Questa è la sfida per il futuro, questa è la vera sfida a noi stessi
Antonina Giordano di Roma, giornalista economico (volutamente non ha affrontato il tema nelle ricadute fiscal-monetarie-finanziarie)
Giunta olimpicamente allo stadio terminale della quarantena targata di fase 1 (come etichettata dagli esperti della diacronica prospettica della fisicità delle misure antiCovid-19) ritengo maturo il momento per espiare la peggiore manchevolezza di cui potessi rendermi rea al tempo del Coronavirus: non aver sottoscritto finora un commento di merito, qualche nota minimale ovvero articolata in summa con velleità paraccademica possibilmente strutturata in puntate da allocare su un social, massimo alveo di divulgazione, notoriamente acclarato dall’universo dei lettori fast.
Un cortese invito ad esprimermi nel fatale istante in cui mi determinavo ad emendare il mio silenzio – già in odore di proscrizione da parte dei miei vetero-amici – mi spinge alla vergatura di qualche mia riflessione di contesto.

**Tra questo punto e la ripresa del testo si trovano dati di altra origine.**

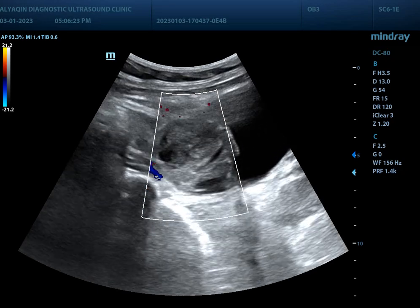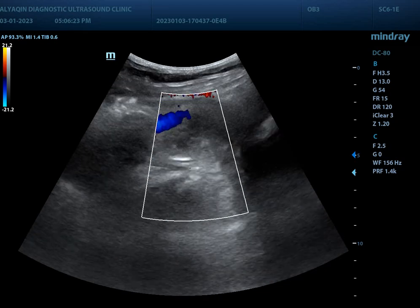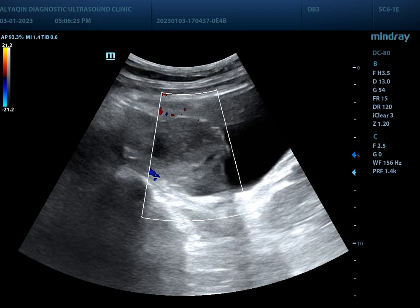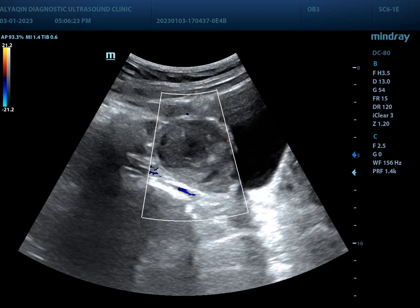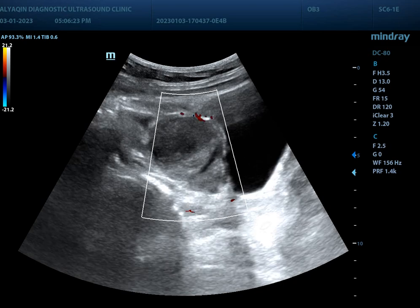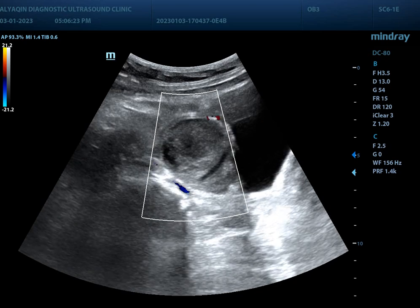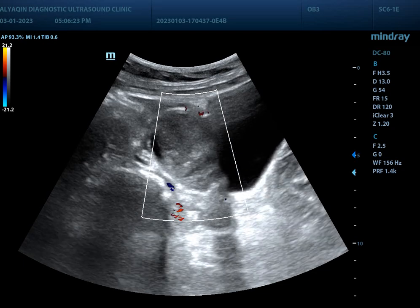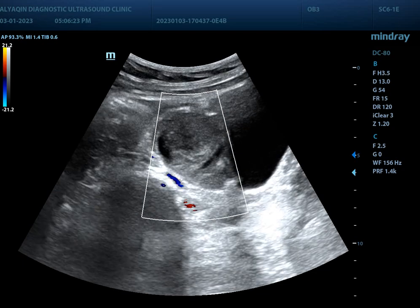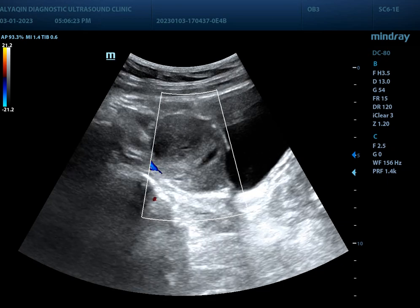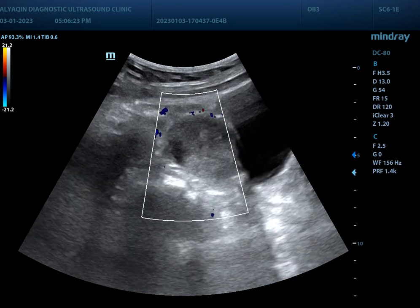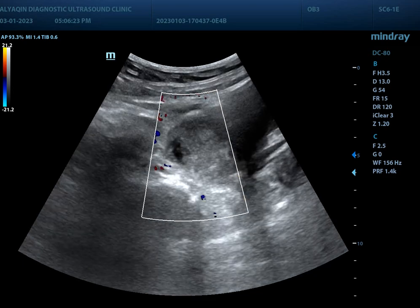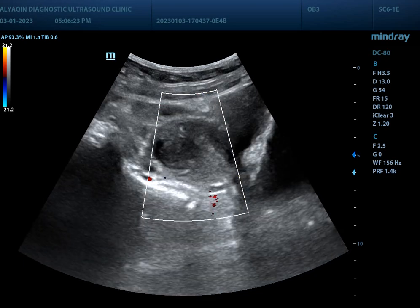Tilting the probe to the right, here there is a complex texture cystic mass. The mass is fluid-filled with thick tissue inside it. There is no internal vascularity on Doppler study. This is a picture of hemorrhagic cyst of the right ovary.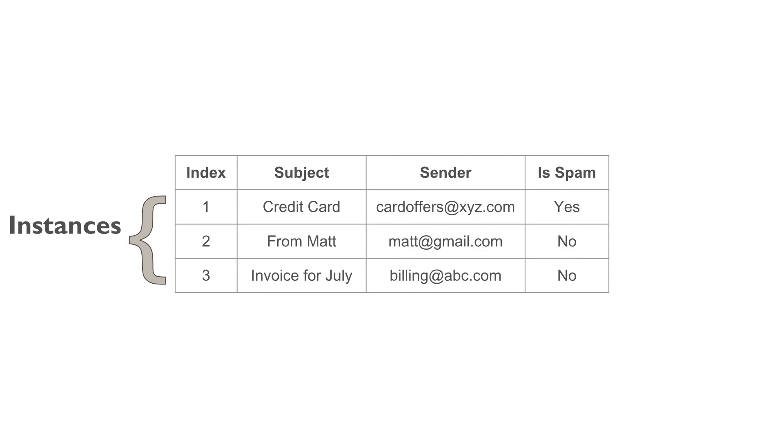Each row of the input data is called an instance. In this data, there are 3 rows. So, the number of instances are 3. We will learn more about features, labels, and instances later in this chapter again.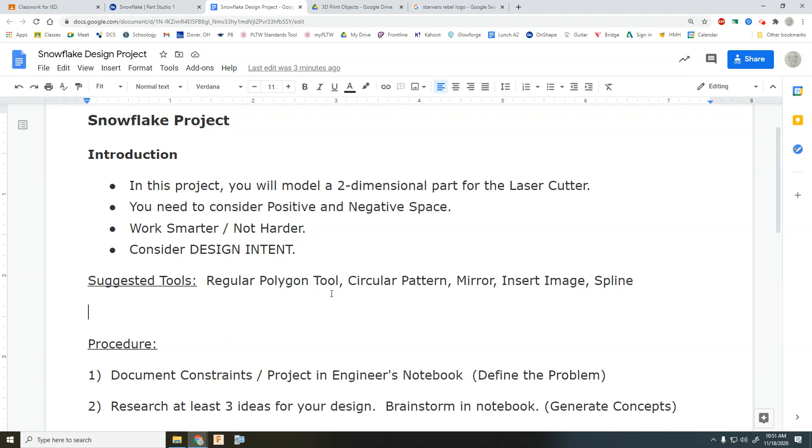Okay, the snowflake project. You're going to design and model a two-dimensional snowflake for the laser cutter.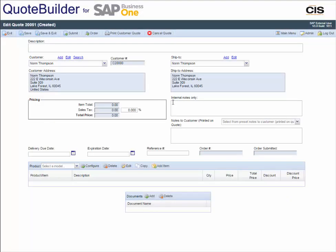An intuitive interface similar to a desktop application facilitates rapid quote management using many features, including advanced reporting options with filtering, all of which can be exported.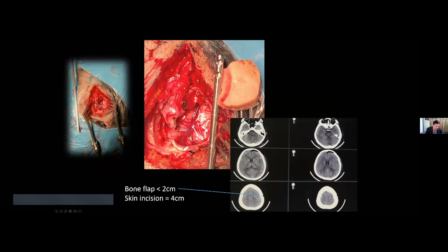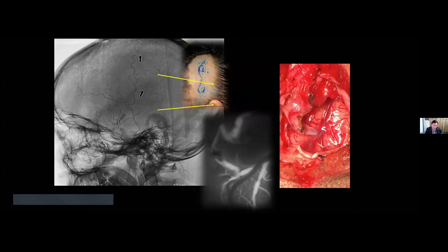The incision of the scalp is around four centimeters. The bone flap is smaller than two centimeters. This is after the surgery — you can see the very small hole. It is essentially a keyhole approach. The patient recovered very well. We kept the hair of the patient.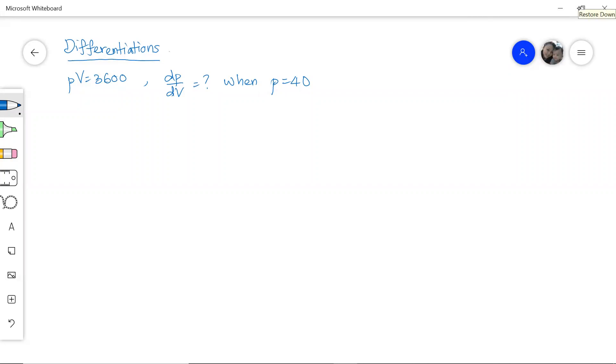Hello everyone. In this video clip, I'm going to share with you how to solve this differentiation question.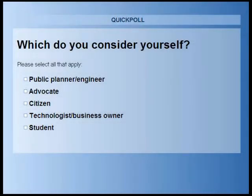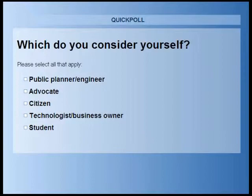Hello, and welcome to today's Pedestrian and Bicycle Information Center AASHTO Bike Guide Series webinar. Today's webinar is titled Off-Road Facilities, Shared Use Path, Roadway Intersection Design. We will be speaking with Eric Mongelli, PE, Director of Engineering at Tool Design Group, and Bill Schultheis, PE, Senior Engineer, Tool Design Group. My name is James Gallagher, and I am the PBIC Communications Manager. I will be facilitating today's webinar.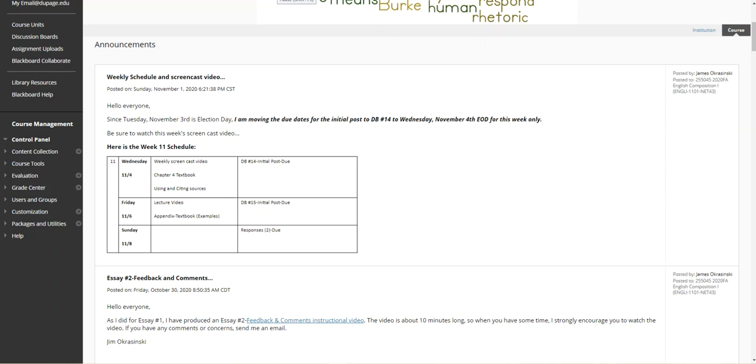Hello everyone, this is Jim Ogresinski with your week 11 screencast video. As I mentioned in my announcement, I'm moving the due date for discussion board 14 to Wednesday, November 4th, since Tuesday, November 3rd is Election Day.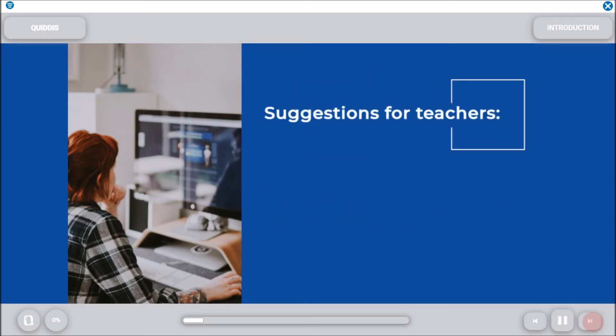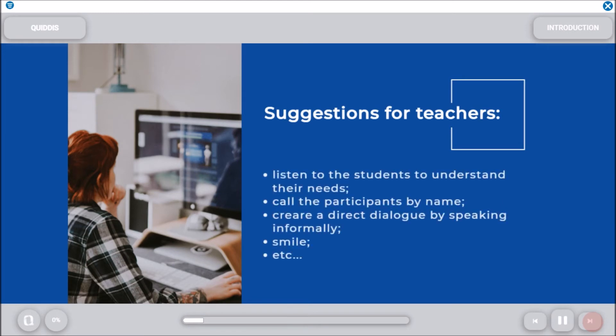To make the webinar effective, teachers can follow several suggestions, such as: listen to the students to understand their needs, call the participants by name, create a direct dialogue by speaking informally, smile, etc.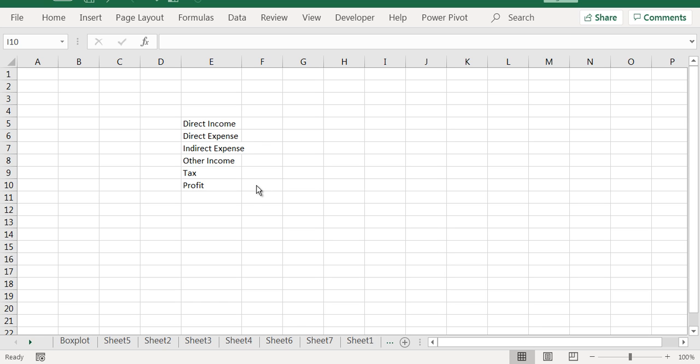So wherever you would want to show in a hierarchical manner how the income and expenses are distributed, you can use a waterfall chart.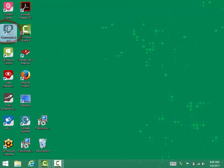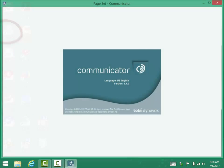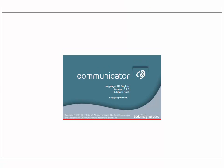You'll double-click on Communicator 5. It's a rather large program, so it does take a few moments to load. And here it is. It should open to the page set that's been customized for the particular user, and once it's positioned for them to access with their eyes, they will be able to control it automatically.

Preciso che trattasi di mera riflessione di contesto per chiarire che è frutto di un approccio relativistico, seppure ponderato a lume di innumerevoli fonti (scritte e non) come son avvezza a fare, per deformazione professionale.
Nelle settimane che precedono questo oggi mi hanno particolarmente incuriosita talune fenomenologie antropologiche presenti allo stato diffuso nell’ambito delle info-virus, bacino di elevatissima radicalizzazione e diffusione di comunicazioni nonché di comunicatori.
Che il virus sfugga ancora oggi ad una certificazione identitaria compiuta credo che sia patrimonio di comune sapere.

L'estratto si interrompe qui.